Friday, 30 April 2010

Standing up for the hoodies

I recently took my students on a trip and was amazed by the reaction and obvious misgivings that people had for teenagers. These misgivings were not only apparent through body language but general rudeness! Why are our teenagers so maligned?

When we got on public transport, there were a good number of adults who moved away from us—we were not noisy--I can only assume it was because they thought the teenagers were trouble. Later in the day, we walked into a shop where the students were to buy their lunch. Students were only allowed to go in on their own and were followed around the shop by a security guard while they bought their lunch. Assuming that they were going to steal from the shop angered me.

Being a teenager isn’t all that easy.
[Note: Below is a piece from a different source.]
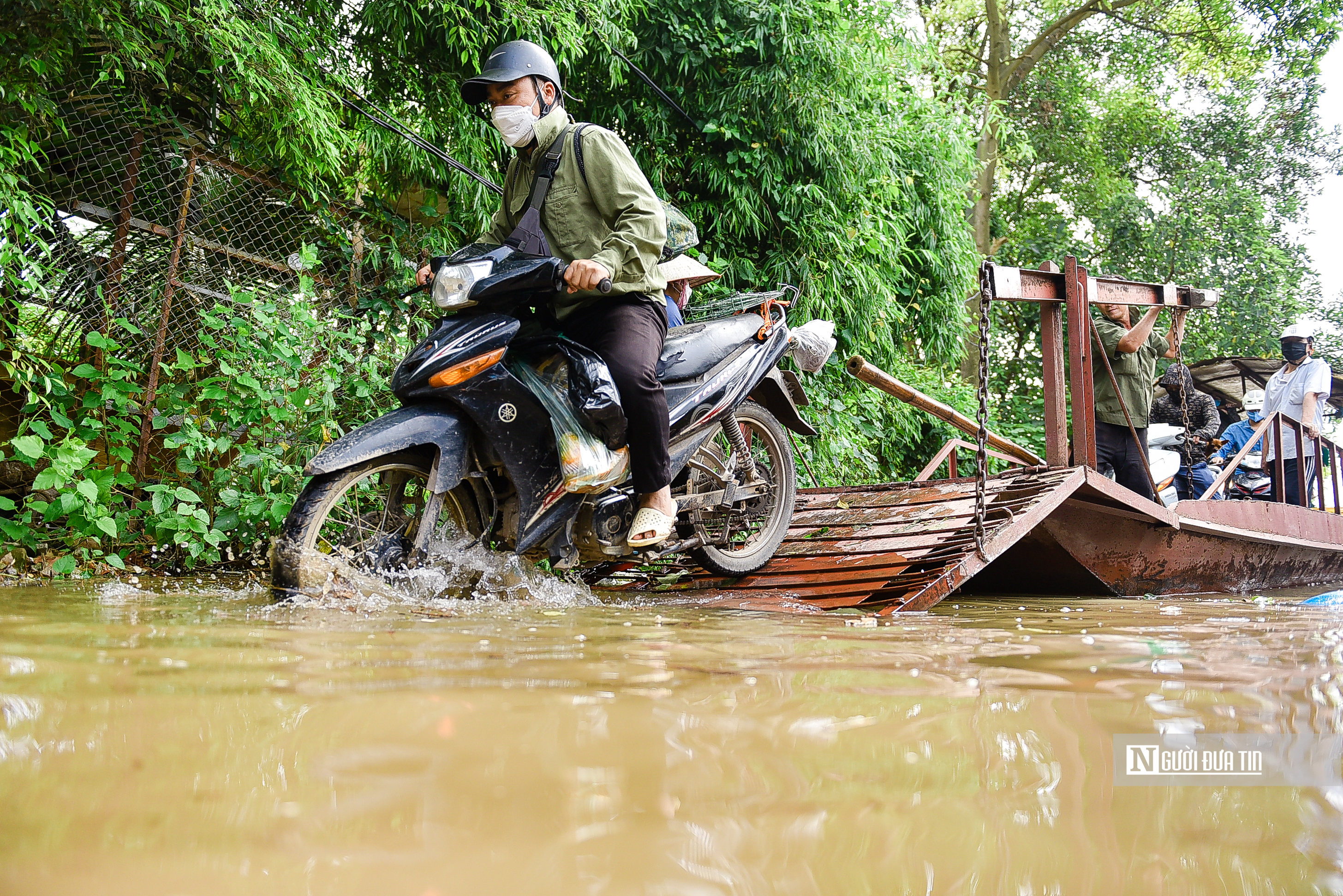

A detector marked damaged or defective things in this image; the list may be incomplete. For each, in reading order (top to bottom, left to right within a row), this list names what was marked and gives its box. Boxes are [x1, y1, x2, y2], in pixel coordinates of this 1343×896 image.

rusty metal ramp [602, 467, 1176, 612] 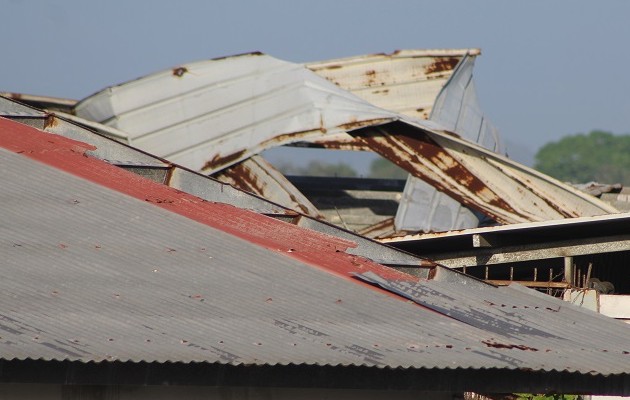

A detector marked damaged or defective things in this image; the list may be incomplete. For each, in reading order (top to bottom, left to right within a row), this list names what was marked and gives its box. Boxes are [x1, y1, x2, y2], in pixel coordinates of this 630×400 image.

Some of course do steal from shops and this is wrong, but let’s ask why this happens. I suspect that the fact that they are being told about the latest must-haves being the source of happiness cannot help. I got one of my students to record an average school day for me:
Up at 6.45am; leave at 7am for school; basketball training at 7.15am; lessons at 8.40am; out again at 3.30pm, football practise until 5pm, home 5.45pm, couple of hours of homework, say, takes you to nearly 8pm. This leaves about an hour to eat the 5-a-day, relax, wash, catch up with friends/family and do chores if they are to get the recommended 9 hours’ sleep a night!

Then we give them grief when they want to chill out at weekends or holidays. Further, we have created such a horrible world, who can blame them for wanting to stay home and watch TV all day? As a result they get castigated for being layabouts and label-mad consumerists. As if the messages we are giving our teenagers through the media aren’t confusing enough, the struggle for maturity is no picnic.